The Medicare program has been under budgetary pressure for a long time, and we can expect that to grow worse. How to respond to the growing spending on that program has been a matter of debate. Potential alternatives to limit spending growth are to raise the age of eligibility, means-test the beneficiary cost-share, reduce benefits or reduce payments to providers. Given that Congress is highly political, it is perhaps not surprising that the brunt of the measures taken to address the problem have fallen on providers, who have political clout, but not as much as the voting senior population. The reform law in particular has scheduled relatively slow reimbursement growth for several years. Research published in Health Services Research tries to analyze hospital responses to slower Medicare reimbursement growth. (HSR Article) Hospitals obviously could just eat the impact on their bottom lines, they could try to adjust service mix, the could try to compensate by charging other payers more, or they could try to reduce costs of providing service to Medicare beneficiaries, which might have impacts on quality. And for-profit hospitals may react differently than not-for-profit.

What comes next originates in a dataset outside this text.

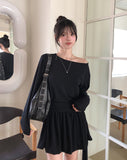 Nio Strap Balloon One Piece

The researchers analyzed hospital cost data provided to CMS over an extended period during which Medicare payments were steadily modified, primarily by reducing the growth that would otherwise occur. The primary conclusion of the study was that over the time period hospitals experienced a real revenue loss of about $250 per admission or about 2.5% of their total revenues. Hospitals, however, were variably affected, with teaching hospitals in urban areas seeing the largest revenue drops. And hospitals with the lowest operating income to start with experienced greater reductions in operating income from the reimbursement reductions, indicating that the Medicare payment reforms actually increased the profit gaps among hospitals instead of leveling them. A one dollar drop in Medicare revenue was on average associated with an $1.55 decrease in total revenues, demonstrating that not only was lost revenue not shifted to other payers; the prices paid by those insurers may also have been reduced, a negative spillover effect.

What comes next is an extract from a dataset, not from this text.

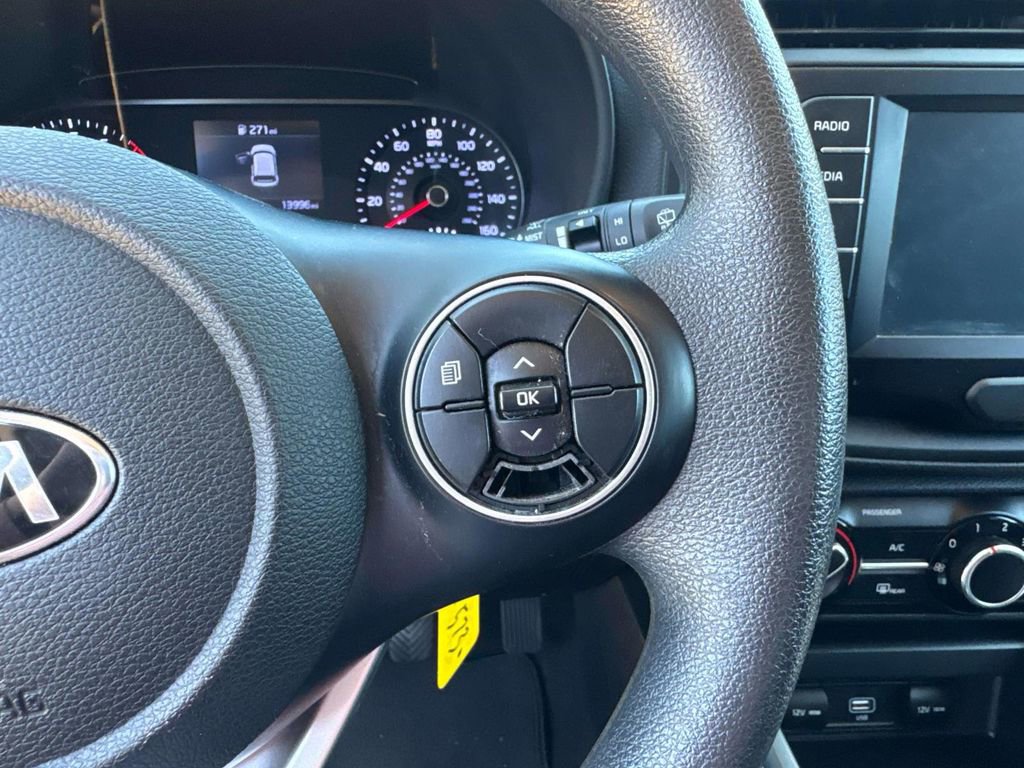 Used 2021 Kia Soul LX FWD image 27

Ninety percent of this revenue reduction was offset over time by operating expense reductions, about three-fifths of which was accomplished by staff reductions. The researchers also found that while not-for-profit hospitals largely lowered operating expenses over time to fully account for the revenue shortfall, thereby preserving margins; for-profit hospitals basically absorbed the lost revenue almost on a dollar-for-dollar basis as a hit to profits, which suggests that they likely already were running more efficiently in regard to operating expenses. The authors estimate that the cumulative effect of the scheduled reform law reductions to Medicare hospital payments will be about $207 per admission, which would cause more hospitals to operate at a loss.
While it might be considered good news that most hospitals seem capable of lowering operating costs to match slower Medicare reimbursement growth, the effects on the quality of care are unknown, and the scope of reduced payments over the next few years is unprecedented, given that Medicare accounts for more of a hospital’s admissions now and that reimbursement increases have been muted for many years. Similarly, the study’s finding that there currently appears to be little or no attempt to make up for lost Medicare revenue from private payers is small comfort since there is already a fairly wide price gap and most hospitals have a much larger margin on business from private health plans than on that from Medicare.